Now that we have the two parameters (database connection and query), we can pass them to the `pd.read_sql()` function, and obtain the data.

In [None]:
# here we pass the query and the connection to the pd.read_sql() function and assign the variable `wage` 
# to the dataframe returned by the function
df = pd.read_sql(query, conn)

In [None]:
df.head()

## Analysis: Using Python and SQL
- Back to [Table of Contents](#Table-of-Contents)

__What are different measures of employment for TANF recipients?__

To explore possible metrics, we will need to combine TANF and employment (in our case, UI wage records) data. We will start slow and explore these datasets individually, then work up to some initial metrics of employment before, during and after receipt of TANF benefits.

### What is in the Database?
- Back to [Table of Contents](#Table-of-Contents)

As introduced in the [Databases](./02_1_Databases.ipynb) notebook, there are many ways to connect

__ Schemas, Tables, and Columns in database__

Let's pull the list of schema names in the database, the list of tables in these schemas and the list of columns in these tables.

In [None]:
# See all available schemas:
query = '''
SELECT schema_name 
FROM information_schema.schemata;
'''
pd.read_sql(query, conn)

> As a reminder, in this class you have access to the following schemas: 'public', 'il_des_kcmo', 'il_dhs', 'il_doc_kcmo', 'kcmo_lehd', 'ada_tanf' and your team schema ('ada_tanf_#', where the # is your team number)

In [None]:
schemas = """
'public', 'il_des_kcmo', 'il_dhs', 'il_doc_kcmo', 'kcmo_lehd',  'ada_tanf'
"""

In [None]:
# confirm our schemas exist with 
# an updated version of the previous query
query = '''
SELECT schema_name 
FROM information_schema.schemata
WHERE schema_name IN ({})
'''.format(schemas)
pd.read_sql(query, conn)

In [None]:
query = '''
SELECT schemaname, tablename
FROM pg_tables
WHERE schemaname IN ({})
'''.format(schemas)

tables = pd.read_sql(query, conn)
# print tables not in the public schema
print(tables.query("schemaname != 'public'"))

In [None]:
# list all the tables in the IL DHS schema:
sorted(tables[tables["schemaname"] == 'il_dhs']['tablename'])

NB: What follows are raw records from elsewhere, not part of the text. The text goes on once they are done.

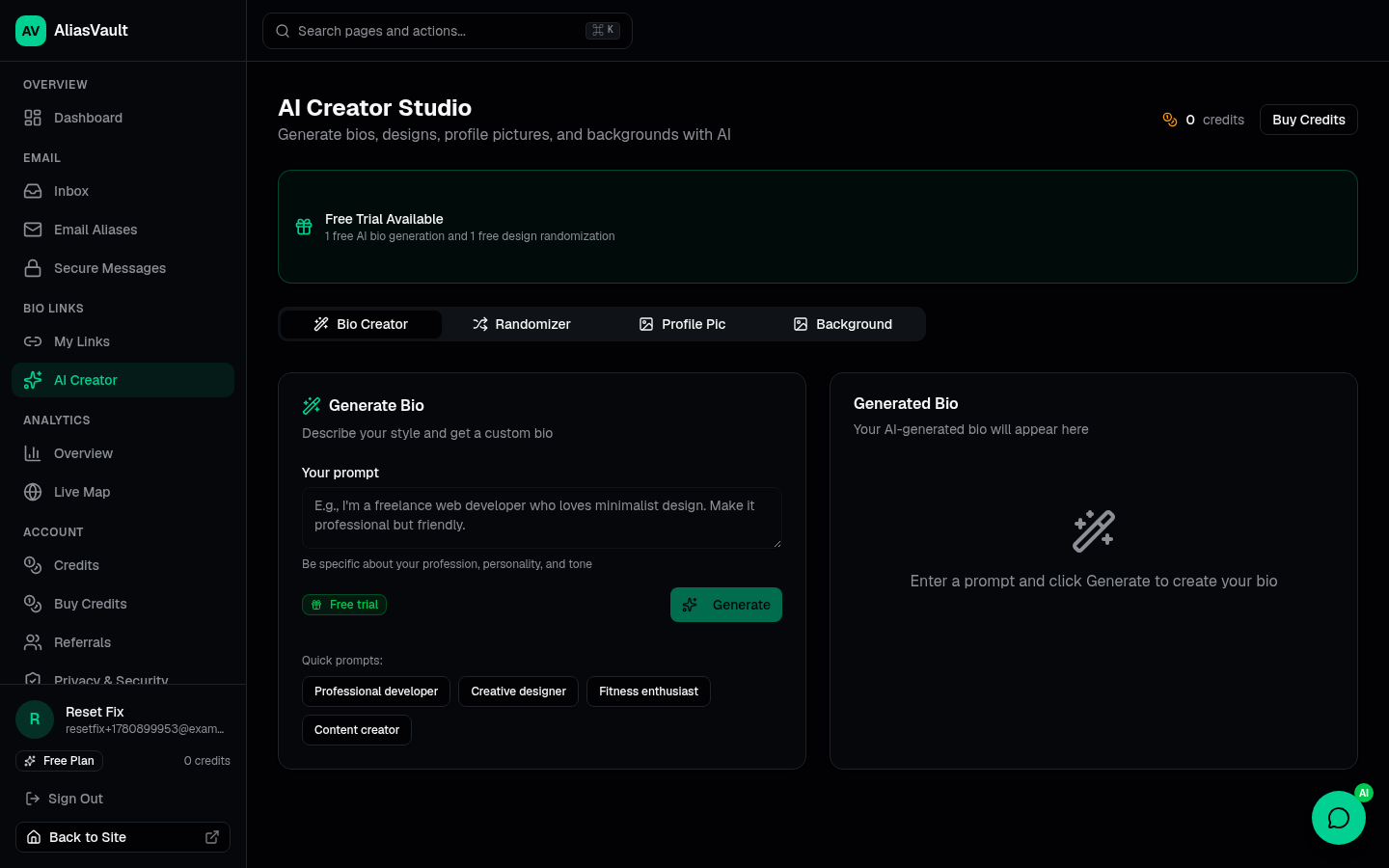 Bio Creator — Dashboard screenshot
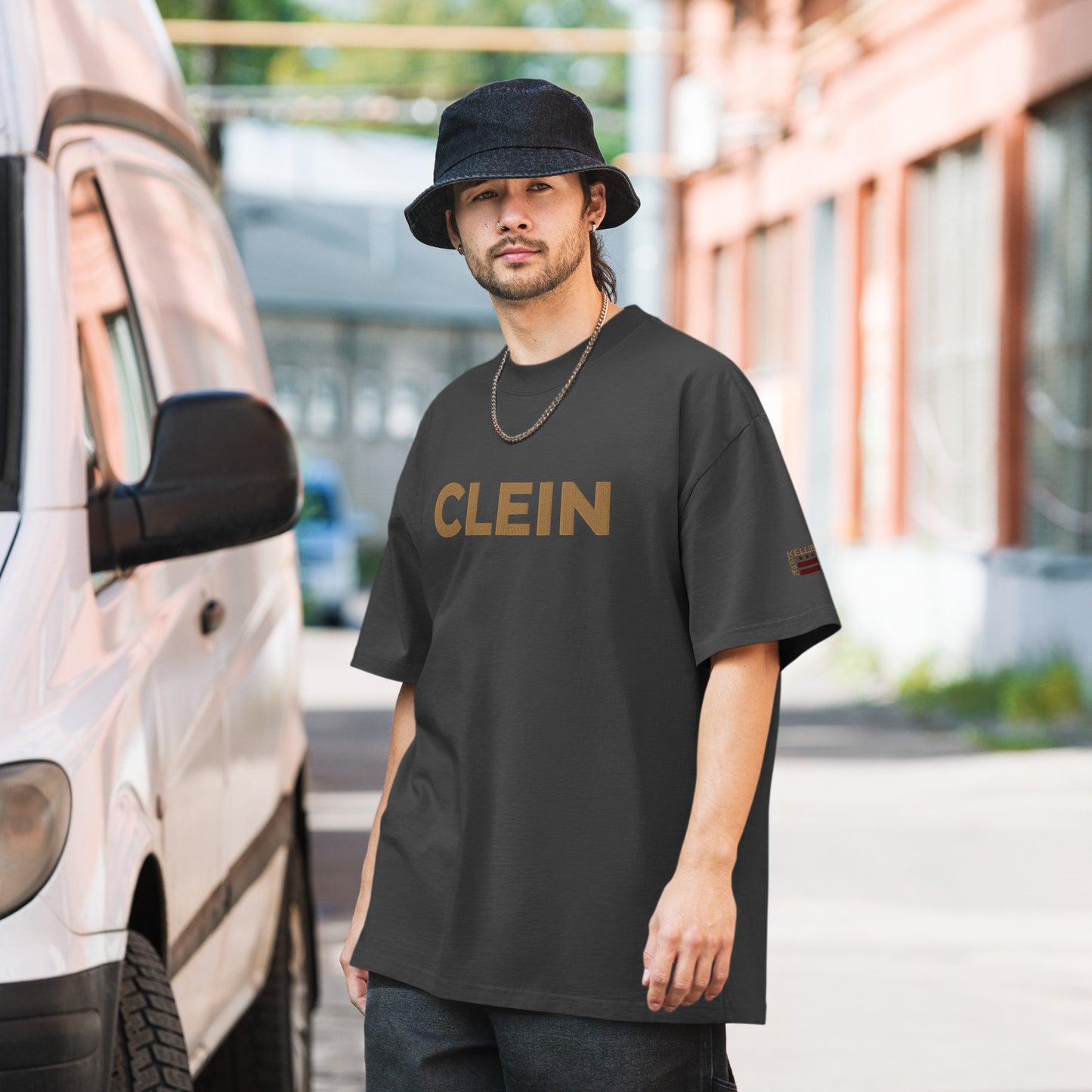 Kellie Clein Classic- Embroidered Oversized faded t-shirt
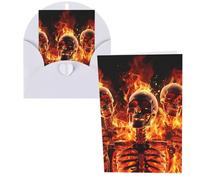 KLLTYHMU 1 carte de remerciement avec enveloppes, squelettes de feu de 10,2 x 15,2 cm, carte de vœux pour notes personnalisées, cartes formelles pour toutes les occasions, adaptées pour les petites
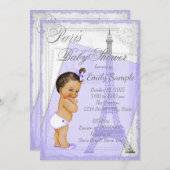 パープルグレーヴィンテージパリベビーシャワー 招待状 (正面/裏面)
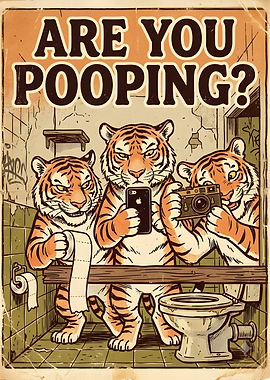 Funny Tigers Bathroom Poster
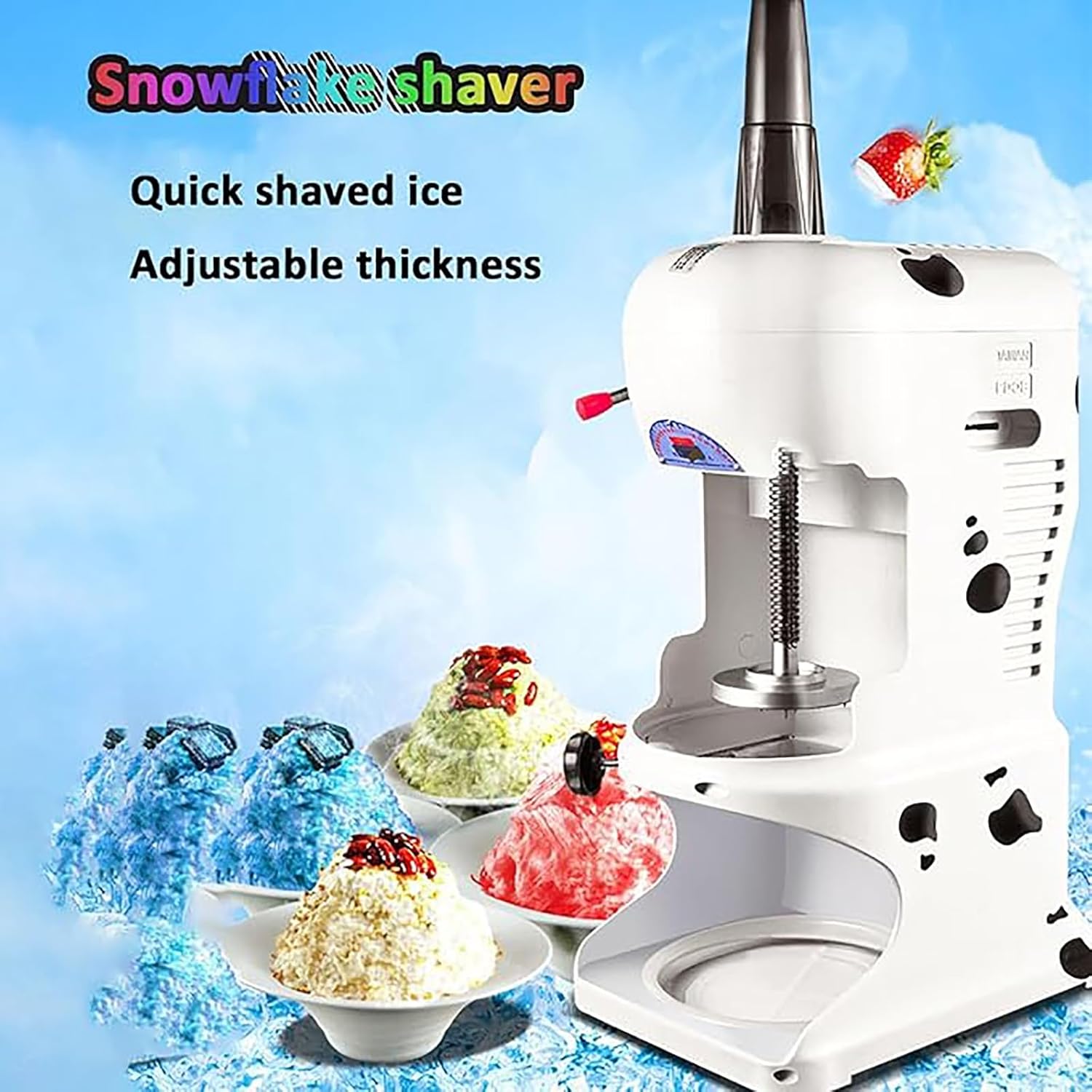 Commerical Electric Ice Shaver Machine Snow Cone Maker Shaved Ice Machine(Red)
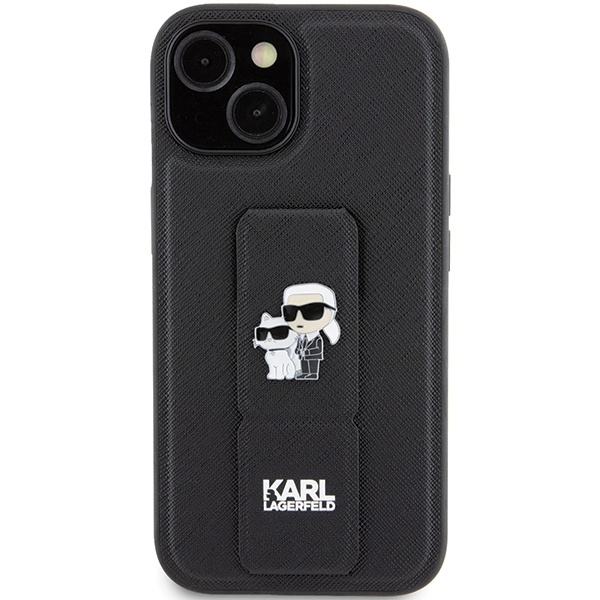 Etui Karl Lagerfeld Gripstand Saffiano Karl&Choupette Pins na iPhone 15 - czarne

> Note the two ways shown above to subset a `Pandas.DataFrame`:
1. Use the built-in `.query()` function
2. Create an array of `True` and `False` values (done in this line: `tables["schemaname"] == 'il_dhs'`)

In [None]:
# We can look at column names within tables
# here we'll set the schema and table with variables

schema = 'il_dhs'
tbl = 'ind_spells'

query = '''
SELECT * 
FROM information_schema.columns 
WHERE table_schema = '{}' AND table_name = '{}'
'''.format(schema, tbl)

# read and print results
pd.read_sql(query, conn)

__Illinois DES datasets__:
- `il_des_kcmo.il_qcew_employers`: business level data
- `il_des_kcmo.il_wage`: individual job level data
- `il_des_kcmo.il_des_establishment`: improved location data for establishements (includes years 2012-2015)

In [None]:
query = '''
SELECT *
FROM il_des_kcmo.il_qcew_employers
limit 100;
'''
il_qcew_employers = pd.read_sql(query, conn)

In [None]:
il_qcew_employers.head()

Again, take some time to look at the documentation and understand what the different variables refer to.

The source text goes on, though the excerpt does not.